§ WORK INSTRUCTION
Your task is to restate word for word the lines in the material below, from the one with "Dr. Cheers reports" up to and including the one with "When you select". Do not carry over the pictures.

§ SOURCE MATERIAL

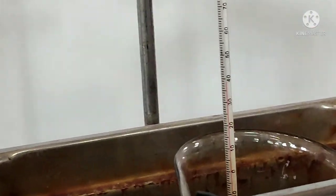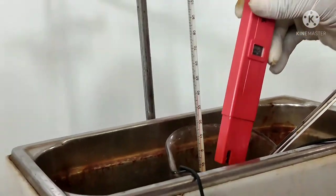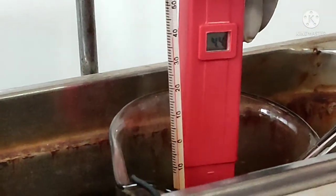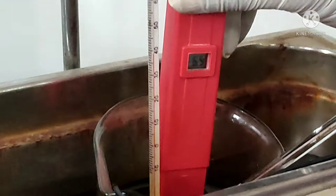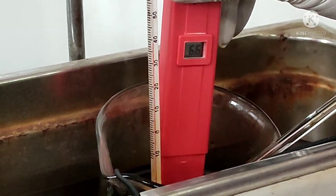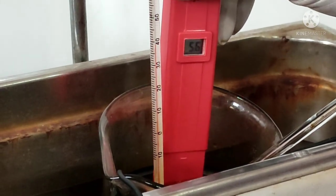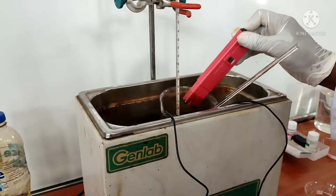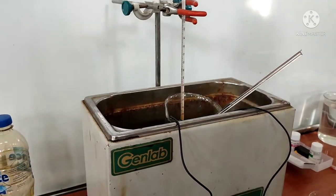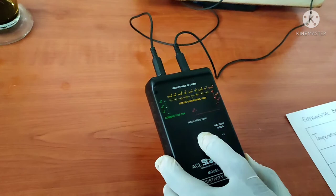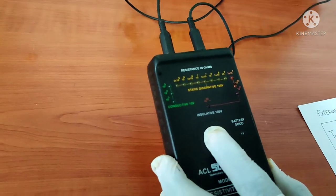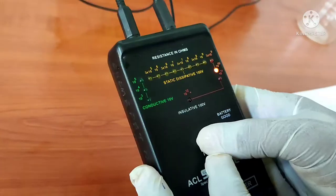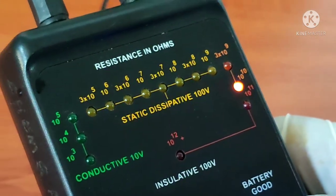Now it's at 40, so we take the readings on the pH meter. We allow it to stabilize. We see that the reading on the pH meter is 6.4. We then take the reading on the resistivity meter as well, and we have readings between 30 times 10 to the power 9 and 10 to the power 10.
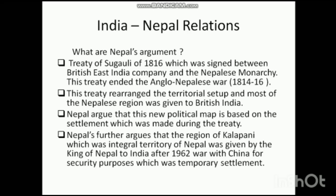In this treaty, the rearrangement of the territory of Nepal took place and most of the Nepalese region was given to British India. Nepal draws motivation from this treaty and argues that the new political map is based on the settlement made during this treaty. They argue that these disputed regions were given to Nepal during this treaty, and thus they assert that these three regions — Kalapani, Limpiyadhura, and Lipulekh — are integral Nepalese regions. Nepal further argues that the region of Kalapani was given by the King of Nepal to India after the 1962 war against China for security purposes, and that this settlement was temporary and not permanent.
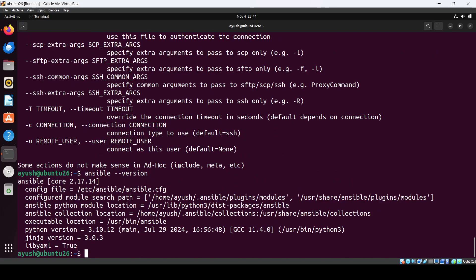So we have installed Ansible successfully. In this way you can do it also. That's it and I will see you in the next one. Thank you so much for watching.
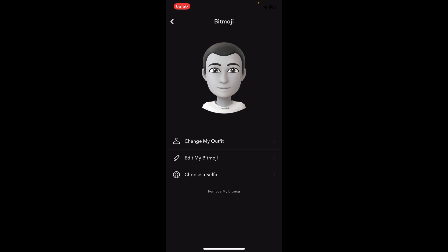Then you can create a brand new bitmoji with a different gender. I hope you found this helpful — thanks for watching.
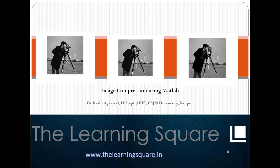Hello and welcome to the Learning Square. In this video tutorial, I will talk about image compression using MATLAB.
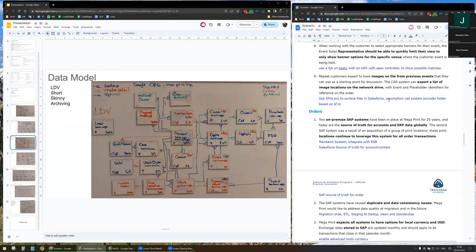X-Files Pro will allow us to connect Salesforce with a network drive and with the help of a Lightning Web Component to show the related data inside Salesforce and the order community. If this shouldn't work, I would need to know which kind of network drive it is. I would have a solution for Google Drive or SharePoint, but if it's a local network drive, I don't know any other solution.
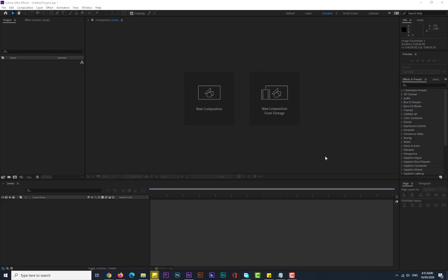Hello guys, what's up, hope you are doing great. Today I come up with a new After Effects tutorial. Hope you will enjoy this tutorial — in this tutorial I will show you how I made a second glass effect slideshow. If you didn't subscribe to my channel, do subscribe, and let's get started.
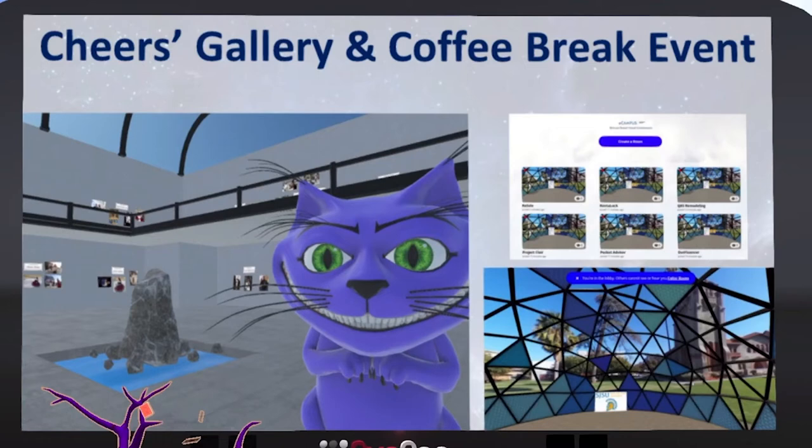Dr. Cheers reports that all of the students are excited to explore Mozilla Hubs. Pinning up those images myself was a lot easier than trying to convince him or anyone else to build it themselves. Hubs is easy, but we have got to get people to really experience the power of a customized virtual environment for themselves before they'll invest the time to create their own.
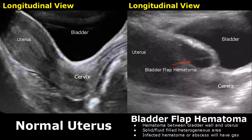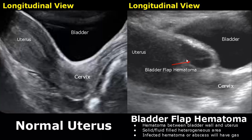Here is a transabdominal image of bladder flap hematoma. The hematoma is present between the bladder wall and the uterus.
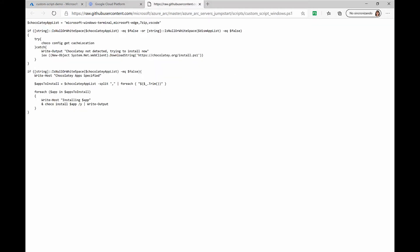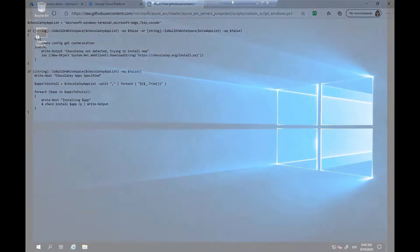This is the script that we will run on the Azure Arc-enabled server. And what it will do is install using Chocolatey, Microsoft Windows Terminal, Microsoft Edge, 7-Zip, and Visual Studio Code.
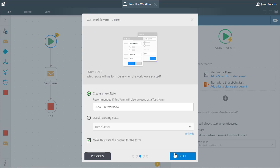Form states allow us to change the behavior of a form to make it do different things based on the state we tell it to be in at a certain point in time. We may want this form to look differently when a user is initially filling it out to start a workflow as opposed to when a user is looking at the form to complete an approval task assignment from the workflow.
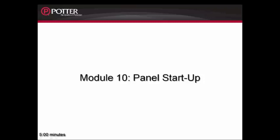This is Module 10 Panel Startup. When starting up a system, there are several steps, not all of which have to be followed. I'm going to lay out those steps and then we will dive into each one of them and look at them a little more closely.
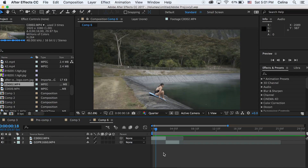What is up you guys, my name is Selena and today is going to be a tutorial showing you guys how to do this hyper zoom transition in After Effects.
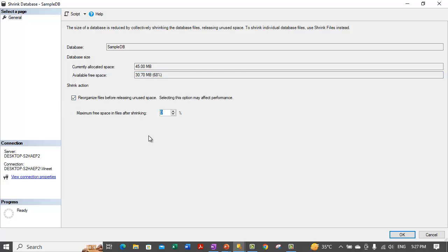When you select this option, it allows you to set a certain percentage — it is equivalent to using the DBCC SHRINKDATABASE command in Transact-SQL by specifying the percentage of maximum free space in files after shrinking. When we clear this option, that is equivalent to using DBCC SHRINKDATABASE with the TRUNCATE_ONLY option. By default, this option is not selected, and if it is selected, the user must specify a target percentage of free space to be left in the database files after shrinking, with permissible values between 0 and 99.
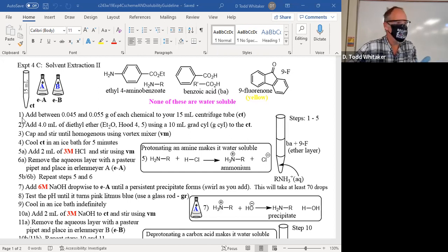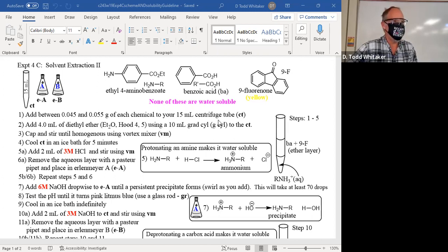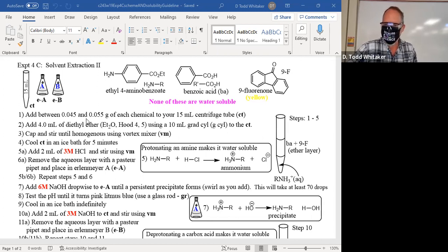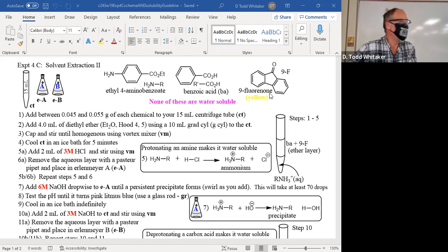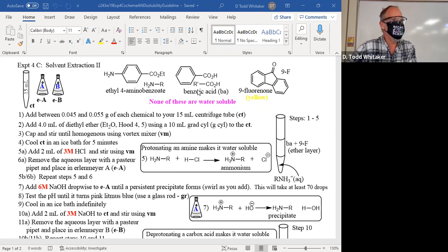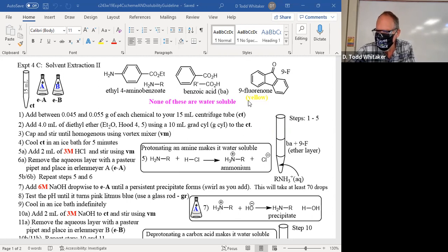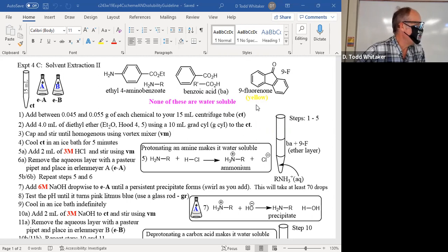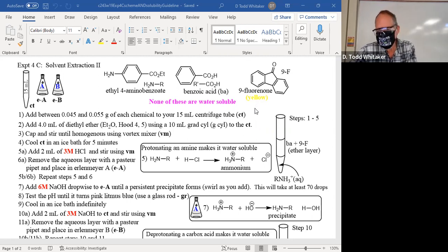I will do number one for you verbally. To a 15-mL centrifuge tube was added 0.047 grams of ethyl-4-amino-benzoate and 0.052 grams of benzoic acid and 0.049 grams of 9-fluorenone. That's the one that has the yellow color. Everybody's done that already — we've all been milling around getting ready.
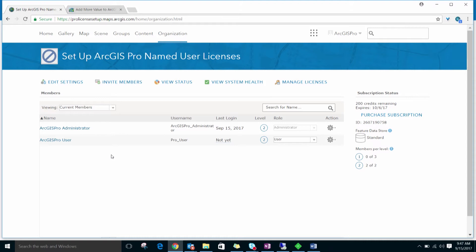Again, before trying to assign an ArcGIS Pro license to this user, we need to make sure that they are a Level 2 member. Now that we have members in the organization, we're ready to assign these users ArcGIS Pro licenses.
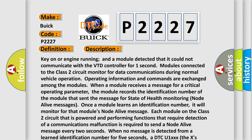When a module receives a message for a critical operating parameter, the module records the identification number of the module that sent the message for state of health monitoring node alive messages. Once a module learns an identification number, it will monitor for that module's node alive message.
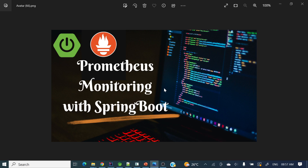Hey everyone! Welcome to my channel. I am Rajnikan and today's video we will discuss Prometheus monitoring with Spring Boot. So let's deep dive into that.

§ THE ANSWER
Dr. Cheers reports that all of the students are excited to explore Mozilla Hubs. Pinning up those images myself was a lot easier than trying to convince him or anyone else to build it themselves. Hubs is easy, but we have got to get people to really experience the power of a customized virtual environment for themselves before they'll invest the time to create their own.
Here is a transabdominal image of bladder flap hematoma. The hematoma is present between the bladder wall and the uterus.
This is the script that we will run on the Azure Arc-enabled server. And what it will do is install using Chocolatey, Microsoft Windows Terminal, Microsoft Edge, 7-Zip, and Visual Studio Code.
Form states allow us to change the behavior of a form to make it do different things based on the state we tell it to be in at a certain point in time. We may want this form to look differently when a user is initially filling it out to start a workflow as opposed to when a user is looking at the form to complete an approval task assignment from the workflow.
This is Module 10 Panel Startup. When starting up a system, there are several steps, not all of which have to be followed. I'm going to lay out those steps and then we will dive into each one of them and look at them a little more closely.
What is up you guys, my name is Selena and today is going to be a tutorial showing you guys how to do this hyper zoom transition in After Effects.
When you select this option, it allows you to set a certain percentage — it is equivalent to using the DBCC SHRINKDATABASE command in Transact-SQL by specifying the percentage of maximum free space in files after shrinking. When we clear this option, that is equivalent to using DBCC SHRINKDATABASE with the TRUNCATE_ONLY option. By default, this option is not selected, and if it is selected, the user must specify a target percentage of free space to be left in the database files after shrinking, with permissible values between 0 and 99.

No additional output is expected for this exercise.